Malgré les opérations humanitaires qui se multiplient pour tenter d’approvisionner la bande de Ghaza, les quantités de vivres qui réussissent à entrer dans l’enclave assiégée demeurent extrêmement insuffisantes. «Il est impensable qu’en 2024, dans un monde qui produit plus que suffisamment de nourriture, des enfants palestiniens meurent de faim», déplore l’ONG Defence For Children.

Au troisième jour du Ramadhan, correspondant au 159e jour de la guerre contre Ghaza, la situation est toujours aussi apocalyptique dans l’enclave palestinienne. A la clé, une série de raids assassins qui ont fait un grand nombre de victimes.
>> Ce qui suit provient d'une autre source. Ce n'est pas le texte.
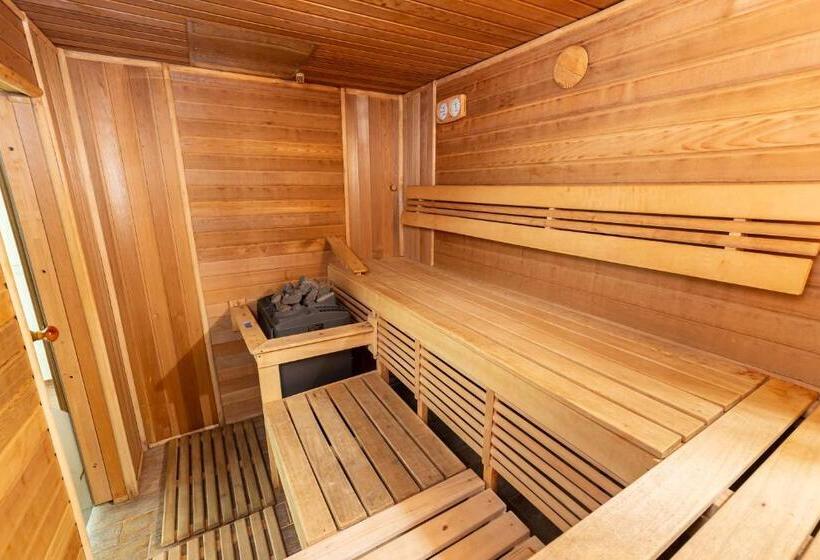 کلبه ییلاقی, Bukovel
Le ministère de la Santé à Ghaza a recensé une dizaine de massacres commis en vingt-quatre heures, entre mardi soir et mercredi matin, faisant 88 morts et 135 blessés.

Le bilan global de l’offensive israélienne s’élève ainsi à 31 272 morts et 73 024 blessés, indique la même source. Parmi les opérations les plus violentes enregistrées ce mercredi, des frappes massives menées dans la ville de Ghaza hier après-midi qui ont fait 15 morts, dont deux femmes et sept enfants, rapporte l’agence Wafa.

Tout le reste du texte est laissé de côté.